¡Uf! Al fin terminaron las fiestas navideñas supuestamente asociadas a cuestiones religiosas pero que, en realidad, son un desmadre consumista. La gente se abalanza sobre cuantos bienes reales o aparentes encuentra a su alcance y aun sobre algunos que le suponen el endeudamiento. Como si no hubiera un mañana. Aunque lo hay y el vencimiento de las tarjetas de crédito llega inexorablemente. Pero, claro: allá cada cual con su cada cuala. Después de todo, son comportamientos que forman parte de las vidas privadas de la ciudadanía. Otra cosa es la incidencia que este desafuero tiene en la vida pública. Por ejemplo, en el tráfico. Durante dos semanas, moverse por Barcelona (probablemente también ocurra en otras ciudades) es un suplicio porque, aunque el mensaje navideño sea de buena voluntad hacia los demás, lo que acaba disparándose es el egoísmo del sálvese quien pueda. El resultado, como cada año, es que la indisciplina viaria se multiplica hasta el paroxismo, sin que se perciba apenas voluntad de las autoridades por ponerle coto.
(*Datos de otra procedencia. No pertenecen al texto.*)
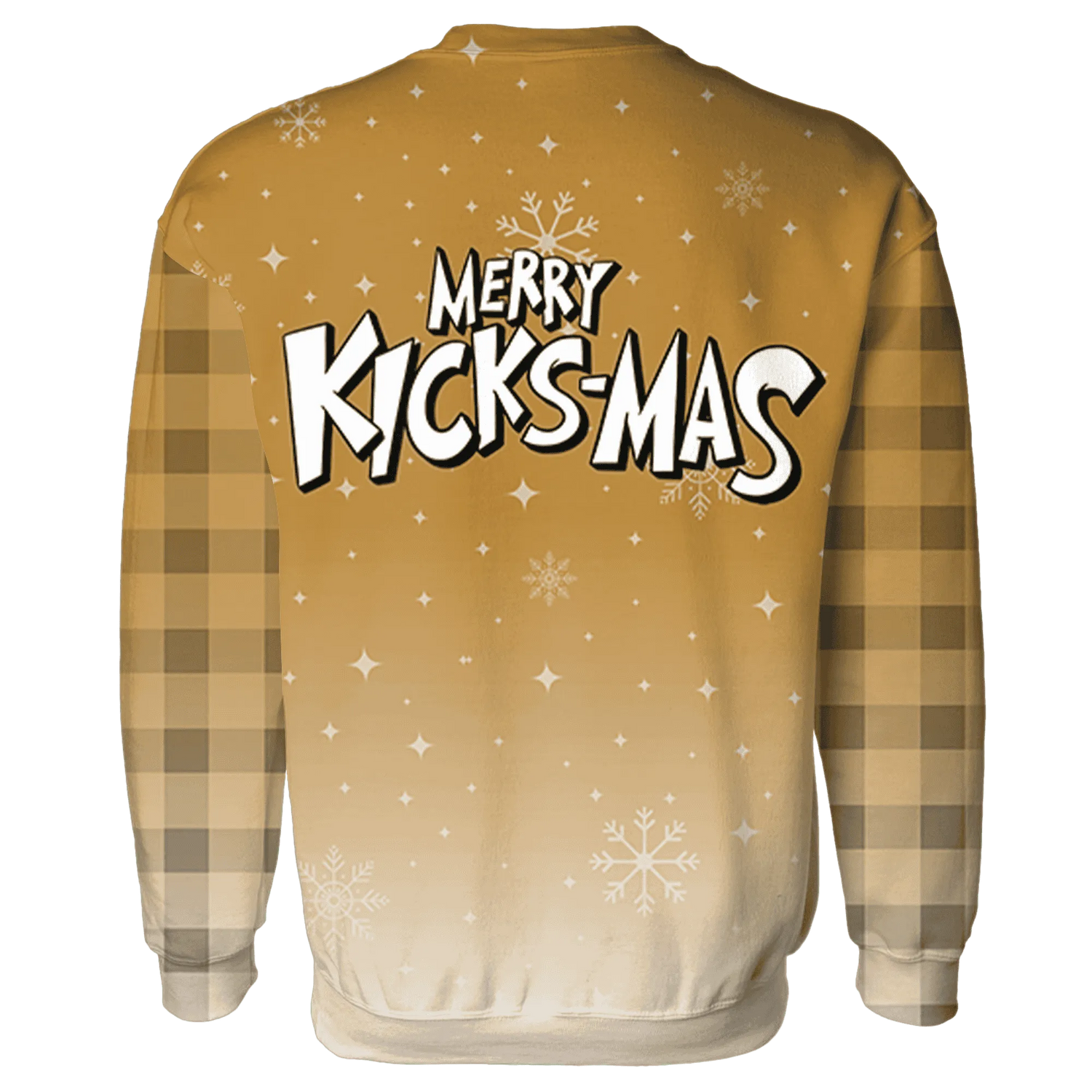 Wheat-13s-NastyJamz-Sweatshirt-Match-Merry-Kicksmas-3D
Hasta Reyes, resultaba muy difícil caminar por las aceras, ocupadas por un sinfín de furgonetas de reparto, que se añadían a las tradicionales motos, bicicletas y patinetes. Es muy probable que sus conductores necesiten repartir más y más productos porque perciben una miseria por cada entrega y ante la falta de espacios de carga y descarga, opten por lo más sencillo: plantarse en la misma puerta donde deba efectuarse. Si la calle es ancha y dispone de carril para autobuses, la solución más simple es utilizarlo. Ya lo hacen habitual e impunemente, pero entre el 20 de diciembre y el 6 de enero, este tipo de indisciplina se convierte en universal.
Es probable que algún consistorio futuro (éste no parece interesado en el asunto) se plantee algún día cómo compatibilizar las necesidades de la nueva economía con los viejos peatones y usuarios del transporte público. Cabe incluso que ese futuro consistorio se dé por enterado de que convertir todos los bajos en actividad económica multiplica el tráfico comercial al que, de un modo u otro, se le deba posibilitar paradas de duración variable. Que asuma también que la proliferación de entregas a domicilio no es posible si no se multiplican los espacios para carga y descarga.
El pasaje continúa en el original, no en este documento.